* _WORK TASK_:
Lower down are entries containing pictures. Copy exactly, without those pictures, the lines from the line with "Uczestnicy wystawy, po" through the line with "sweat pants (3color)".

* _TASK DATA_:
+===+
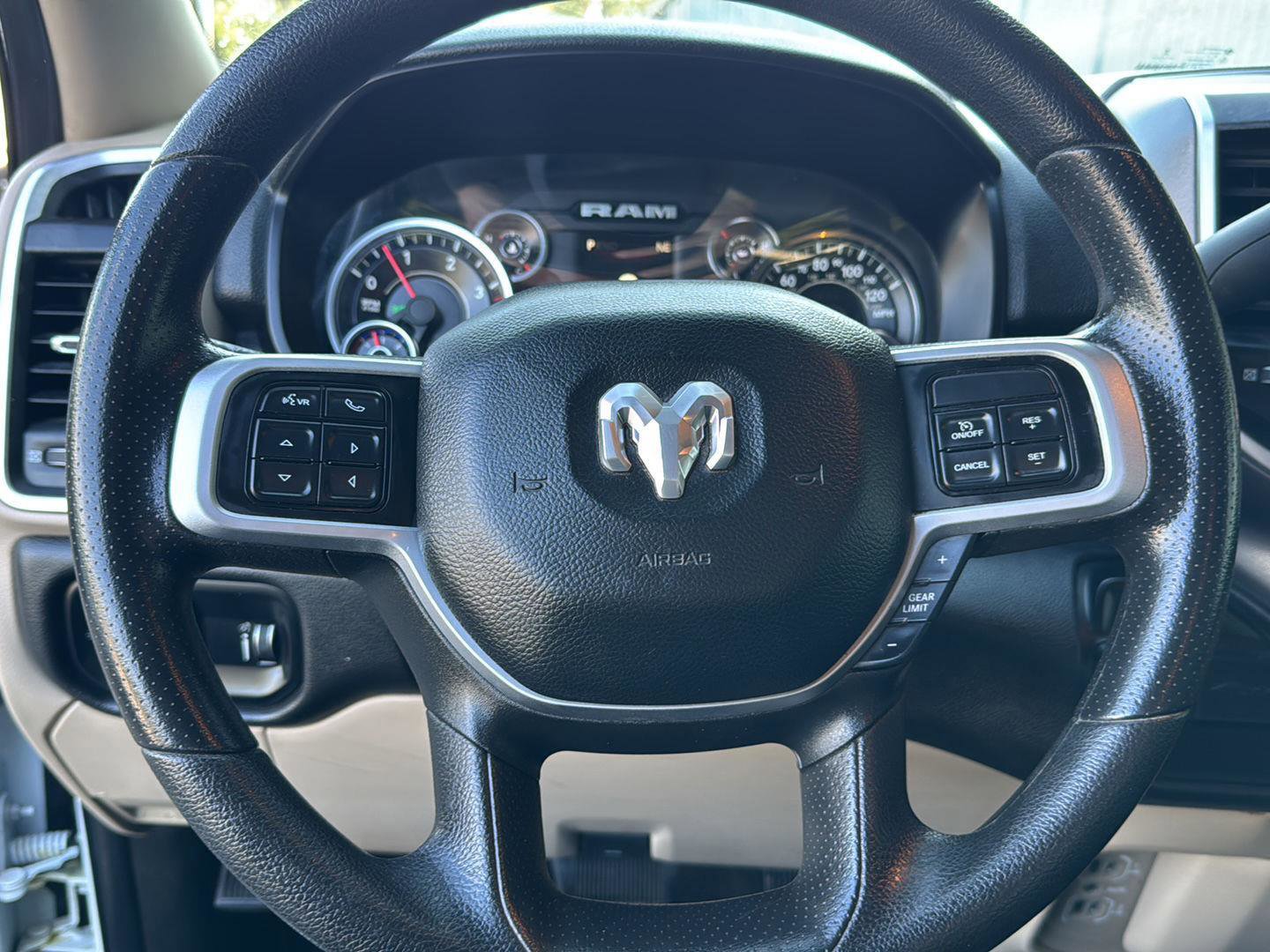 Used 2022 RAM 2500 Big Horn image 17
+===+
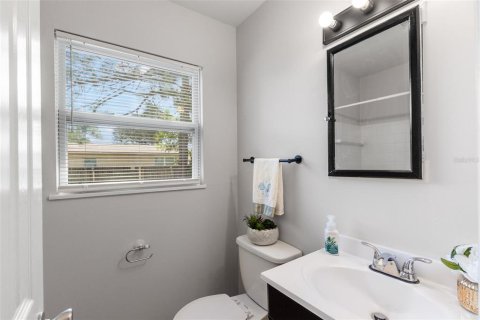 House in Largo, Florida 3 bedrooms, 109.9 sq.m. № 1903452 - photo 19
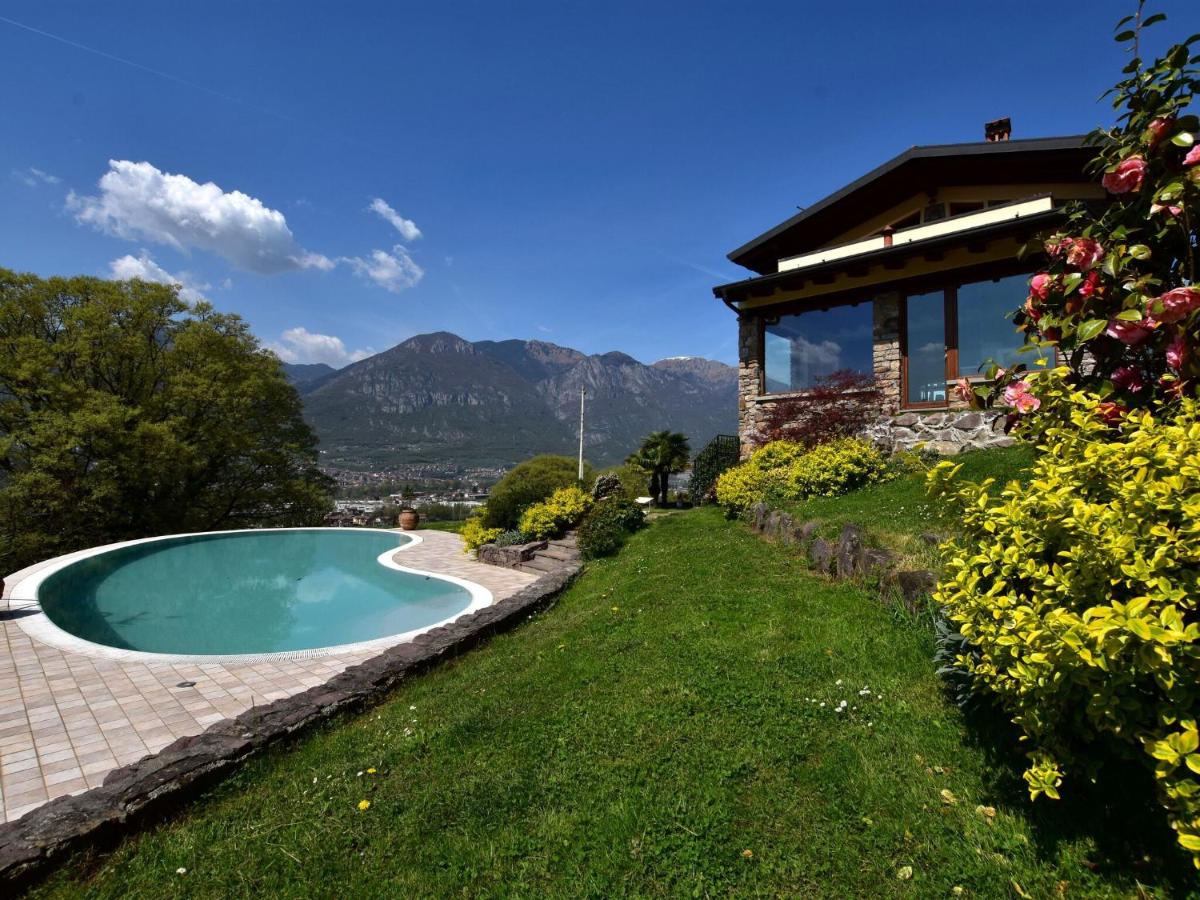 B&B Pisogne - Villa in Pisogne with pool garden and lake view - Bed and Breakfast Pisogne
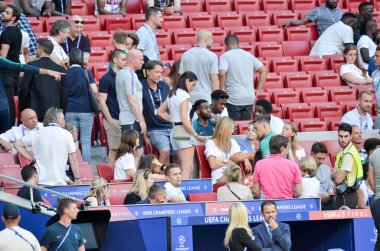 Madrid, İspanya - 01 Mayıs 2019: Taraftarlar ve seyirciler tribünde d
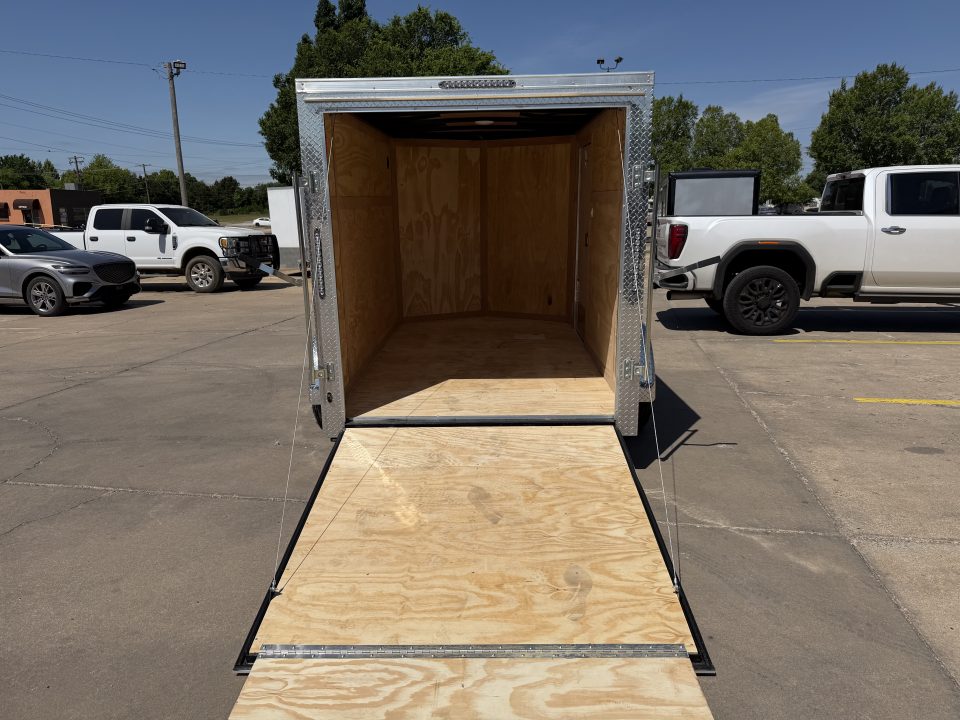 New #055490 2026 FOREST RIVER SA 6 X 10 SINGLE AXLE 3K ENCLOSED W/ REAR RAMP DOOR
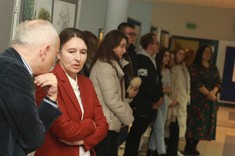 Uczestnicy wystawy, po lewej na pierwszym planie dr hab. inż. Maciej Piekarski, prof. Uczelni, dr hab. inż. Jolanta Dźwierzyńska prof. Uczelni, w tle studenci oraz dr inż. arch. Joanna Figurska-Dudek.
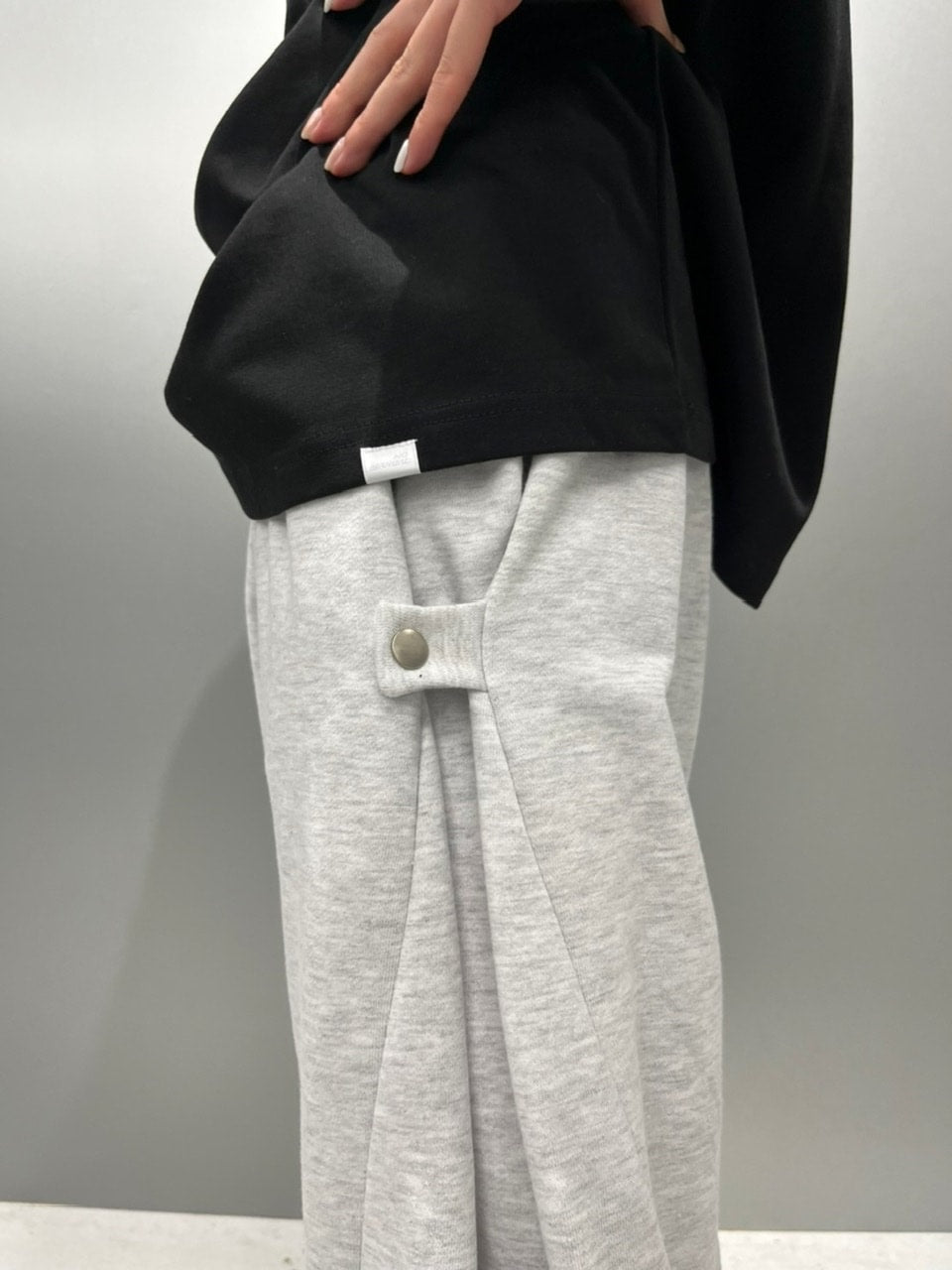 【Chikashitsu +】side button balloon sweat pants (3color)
+===+
* _WRITTEN REPLY_:
 Uczestnicy wystawy, po lewej na pierwszym planie dr hab. inż. Maciej Piekarski, prof. Uczelni, dr hab. inż. Jolanta Dźwierzyńska prof. Uczelni, w tle studenci oraz dr inż. arch. Joanna Figurska-Dudek.
 【Chikashitsu +】side button balloon sweat pants (3color)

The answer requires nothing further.